E se mamma non avesse voluto che Basito venisse a sapere della pergamena? Devo tenere il segreto per me? Rivelarglielo? Devo fidarmi di lui? Basito si schiarì la gola spolverandosi il pigiama color indaco. “Anche se non era certo un segreto che fosse affezionata a quell’adorabile teppistello blu. Le creature di quel genere possono vivere decenni.” Nove percepì nell’aria una zaffata di qualcosa di terroso e speziato ed ebbe un tuffo al cuore. Oh, no... “Volevo mettervi in guardia”, disse Basito a disagio. “Eric sta cercando di porre rimedio al furto della vostra colazione facendovi dei pancake.” Al pensiero del beneamato domestico troll intento a preparare quei pancake grigi, grumosi e ripieni di ossa, le spalle di Nove si afflosciarono. “E non hai tentato di dissuaderlo?” “Be’, Madamigella, sapete bene com’è fatto”, esclamò Basito. “Era tutto contento di potervi aiutare. E sta...” Il mago fece una smorfia. “Sta sperimentando un nuovo ingrediente.” Nove sospirò. Eric era di gran lunga il miglior troll che avesse mai conosciuto in vita sua, ma anche il peggior cuoco. 18


“Tua sorella ha parecchi misfatti di cui rispondere. Non posso credere che abbia tradotto tutti i ricettari di Eric nella lingua dei nani e li abbia lasciati così.

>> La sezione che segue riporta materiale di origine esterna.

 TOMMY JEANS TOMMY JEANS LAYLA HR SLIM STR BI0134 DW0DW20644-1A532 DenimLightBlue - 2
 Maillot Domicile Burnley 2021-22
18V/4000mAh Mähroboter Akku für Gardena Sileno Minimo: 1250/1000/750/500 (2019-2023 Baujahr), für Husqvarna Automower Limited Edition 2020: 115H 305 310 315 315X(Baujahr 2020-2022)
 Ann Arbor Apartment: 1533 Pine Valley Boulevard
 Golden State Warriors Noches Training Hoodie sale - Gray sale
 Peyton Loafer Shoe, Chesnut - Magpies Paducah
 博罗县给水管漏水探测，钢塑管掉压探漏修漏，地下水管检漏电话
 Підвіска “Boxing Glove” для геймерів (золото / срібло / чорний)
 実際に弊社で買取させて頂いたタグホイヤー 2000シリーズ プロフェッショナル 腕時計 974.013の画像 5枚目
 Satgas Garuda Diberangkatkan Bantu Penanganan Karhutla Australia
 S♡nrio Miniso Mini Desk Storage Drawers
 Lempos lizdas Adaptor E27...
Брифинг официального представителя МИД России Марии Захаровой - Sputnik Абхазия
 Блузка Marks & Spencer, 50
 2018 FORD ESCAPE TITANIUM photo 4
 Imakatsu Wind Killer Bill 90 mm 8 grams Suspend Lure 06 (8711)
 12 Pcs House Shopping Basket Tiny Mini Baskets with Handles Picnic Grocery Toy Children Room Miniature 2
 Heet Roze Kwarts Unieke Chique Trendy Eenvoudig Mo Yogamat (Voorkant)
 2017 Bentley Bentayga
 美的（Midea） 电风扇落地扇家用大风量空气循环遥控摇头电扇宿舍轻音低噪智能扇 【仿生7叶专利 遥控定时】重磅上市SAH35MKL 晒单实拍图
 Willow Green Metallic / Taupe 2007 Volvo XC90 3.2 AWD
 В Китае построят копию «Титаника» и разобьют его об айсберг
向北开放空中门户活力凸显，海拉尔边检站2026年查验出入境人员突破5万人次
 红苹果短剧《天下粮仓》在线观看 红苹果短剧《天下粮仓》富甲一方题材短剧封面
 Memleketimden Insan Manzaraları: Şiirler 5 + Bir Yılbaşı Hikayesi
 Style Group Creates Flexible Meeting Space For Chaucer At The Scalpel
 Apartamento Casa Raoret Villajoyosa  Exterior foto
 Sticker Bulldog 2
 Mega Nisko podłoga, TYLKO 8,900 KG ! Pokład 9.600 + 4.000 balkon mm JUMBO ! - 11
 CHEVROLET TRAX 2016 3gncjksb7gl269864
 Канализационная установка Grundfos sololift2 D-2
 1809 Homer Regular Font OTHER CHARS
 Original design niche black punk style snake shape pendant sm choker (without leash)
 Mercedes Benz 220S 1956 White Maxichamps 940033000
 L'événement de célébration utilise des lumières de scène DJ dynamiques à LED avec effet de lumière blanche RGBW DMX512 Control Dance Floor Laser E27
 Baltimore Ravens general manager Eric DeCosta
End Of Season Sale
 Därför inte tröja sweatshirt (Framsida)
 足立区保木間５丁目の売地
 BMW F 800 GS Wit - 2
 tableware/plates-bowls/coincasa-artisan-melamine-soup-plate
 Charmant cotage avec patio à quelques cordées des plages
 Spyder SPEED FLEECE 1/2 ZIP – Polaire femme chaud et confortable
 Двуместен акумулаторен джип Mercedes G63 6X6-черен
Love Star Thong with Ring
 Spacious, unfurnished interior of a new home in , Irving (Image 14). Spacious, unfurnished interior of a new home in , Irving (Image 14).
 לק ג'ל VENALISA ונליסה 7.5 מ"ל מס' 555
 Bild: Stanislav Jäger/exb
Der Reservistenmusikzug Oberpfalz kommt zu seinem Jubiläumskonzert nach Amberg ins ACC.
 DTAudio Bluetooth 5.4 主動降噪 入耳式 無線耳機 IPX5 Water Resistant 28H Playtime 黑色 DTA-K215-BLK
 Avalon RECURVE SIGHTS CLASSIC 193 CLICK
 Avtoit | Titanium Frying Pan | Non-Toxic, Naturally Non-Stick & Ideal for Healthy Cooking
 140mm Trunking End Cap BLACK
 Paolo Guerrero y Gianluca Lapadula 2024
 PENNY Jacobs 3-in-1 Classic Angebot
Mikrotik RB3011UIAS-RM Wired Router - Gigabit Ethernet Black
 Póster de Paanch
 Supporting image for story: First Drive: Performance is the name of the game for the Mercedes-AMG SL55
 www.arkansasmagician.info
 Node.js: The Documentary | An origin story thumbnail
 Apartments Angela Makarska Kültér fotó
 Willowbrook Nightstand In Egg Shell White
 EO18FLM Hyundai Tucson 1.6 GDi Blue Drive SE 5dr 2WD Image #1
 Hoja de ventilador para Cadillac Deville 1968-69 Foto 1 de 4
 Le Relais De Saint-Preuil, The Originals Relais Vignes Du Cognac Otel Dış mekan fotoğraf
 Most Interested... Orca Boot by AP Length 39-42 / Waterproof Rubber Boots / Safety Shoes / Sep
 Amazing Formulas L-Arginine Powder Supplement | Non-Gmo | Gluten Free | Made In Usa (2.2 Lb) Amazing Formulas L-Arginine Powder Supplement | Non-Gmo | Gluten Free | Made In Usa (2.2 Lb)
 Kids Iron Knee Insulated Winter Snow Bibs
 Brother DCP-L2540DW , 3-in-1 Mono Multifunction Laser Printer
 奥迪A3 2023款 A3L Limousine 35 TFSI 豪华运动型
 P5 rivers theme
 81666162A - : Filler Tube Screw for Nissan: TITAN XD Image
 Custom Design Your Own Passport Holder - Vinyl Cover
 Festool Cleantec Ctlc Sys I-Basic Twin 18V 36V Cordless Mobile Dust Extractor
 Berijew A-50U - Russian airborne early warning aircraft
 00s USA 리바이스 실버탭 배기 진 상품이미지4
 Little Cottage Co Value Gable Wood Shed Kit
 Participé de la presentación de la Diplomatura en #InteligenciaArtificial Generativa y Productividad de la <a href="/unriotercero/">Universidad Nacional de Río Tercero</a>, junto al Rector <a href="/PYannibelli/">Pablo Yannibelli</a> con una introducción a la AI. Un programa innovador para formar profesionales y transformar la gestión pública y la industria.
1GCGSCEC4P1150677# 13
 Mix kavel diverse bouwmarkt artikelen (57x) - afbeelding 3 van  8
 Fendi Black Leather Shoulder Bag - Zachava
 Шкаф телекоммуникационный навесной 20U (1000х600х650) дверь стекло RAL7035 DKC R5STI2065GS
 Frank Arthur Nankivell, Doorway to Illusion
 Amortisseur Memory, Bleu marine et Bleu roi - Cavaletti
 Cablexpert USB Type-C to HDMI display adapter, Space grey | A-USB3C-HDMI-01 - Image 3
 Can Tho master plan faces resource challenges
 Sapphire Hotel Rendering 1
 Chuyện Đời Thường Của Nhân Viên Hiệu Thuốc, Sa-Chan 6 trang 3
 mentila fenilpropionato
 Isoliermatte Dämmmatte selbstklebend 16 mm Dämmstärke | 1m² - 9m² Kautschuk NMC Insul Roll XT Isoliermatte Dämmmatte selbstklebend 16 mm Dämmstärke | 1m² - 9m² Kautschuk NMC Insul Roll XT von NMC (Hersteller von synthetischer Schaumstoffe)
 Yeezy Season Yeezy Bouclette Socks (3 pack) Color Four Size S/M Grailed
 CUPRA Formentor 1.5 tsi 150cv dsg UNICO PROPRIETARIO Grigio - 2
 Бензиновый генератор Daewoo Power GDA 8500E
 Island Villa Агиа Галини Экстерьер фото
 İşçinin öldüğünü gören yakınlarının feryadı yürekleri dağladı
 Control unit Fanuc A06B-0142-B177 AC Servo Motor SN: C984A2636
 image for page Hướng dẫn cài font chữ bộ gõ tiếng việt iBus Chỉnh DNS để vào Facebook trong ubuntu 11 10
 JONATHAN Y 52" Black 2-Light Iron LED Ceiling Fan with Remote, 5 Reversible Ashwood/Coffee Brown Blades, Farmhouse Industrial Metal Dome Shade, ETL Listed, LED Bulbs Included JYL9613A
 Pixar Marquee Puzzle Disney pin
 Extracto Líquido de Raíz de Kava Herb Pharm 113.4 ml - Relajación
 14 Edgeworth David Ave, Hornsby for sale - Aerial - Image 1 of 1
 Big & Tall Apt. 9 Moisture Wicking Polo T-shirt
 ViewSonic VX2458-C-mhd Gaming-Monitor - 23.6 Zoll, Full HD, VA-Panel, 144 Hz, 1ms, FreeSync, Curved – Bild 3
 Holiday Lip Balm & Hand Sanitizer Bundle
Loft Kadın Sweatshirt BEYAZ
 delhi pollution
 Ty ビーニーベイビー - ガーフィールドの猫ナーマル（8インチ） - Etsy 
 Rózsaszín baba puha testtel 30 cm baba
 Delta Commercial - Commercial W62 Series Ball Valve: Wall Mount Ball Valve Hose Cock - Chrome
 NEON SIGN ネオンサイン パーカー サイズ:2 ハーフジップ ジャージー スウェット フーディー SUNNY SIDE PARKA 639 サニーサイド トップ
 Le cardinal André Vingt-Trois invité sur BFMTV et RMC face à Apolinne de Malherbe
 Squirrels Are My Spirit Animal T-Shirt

In fin dei conti abbiamo spezzato la maledizione della Casa in modo corretto”, brontolò Nove. “Sì, be’, non credo che la correttezza rientri tra le doti di mia sorella.” “La furbizia invece sì”, disse Nove, sapendo che quell’osservazione avrebbe infastidito il mago. “In realtà è soltanto un incubo”, ribatté Basito. La ragazza sentì la superficie fredda della teiera contro il palmo sudaticcio. Basito non aveva riconosciuto quell’oggetto appartenuto a sua madre. E Nove era ormai sempre più convinta che mamma non si fidasse di lui, qualunque fosse il suo segreto. Quindi forse anche lei doveva stare in guardia. “Madamigella?” chiese Basito guardandola con un misto di curiosità e nervosismo. “Non avrete ricominciato a… pensare, vero?” “Be’, qualcuno di noi deve pur farlo”, replicò Nove. Mise da parte dubbi e sensi di colpa e raccolse da terra la sua borsa. Poi si diresse verso la porta e afferrò Basito per la manica. “Madamigella?” fece lui sorpreso, mentre la ragazza lo trascinava verso le scale traballanti. 19


“Se devo mangiare quei pancake alle ossa, non lo farò certo da sola”, replicò Nove. Lo condusse giù per la scalinata rivestita dal tappeto color prugna in direzione di quel bizzarro aroma terroso e speziato, ignorando in modo deliberato il gomitolo di lana blu che con la coda dell’occhio vide sfrecciare via, tutto compiaciuto.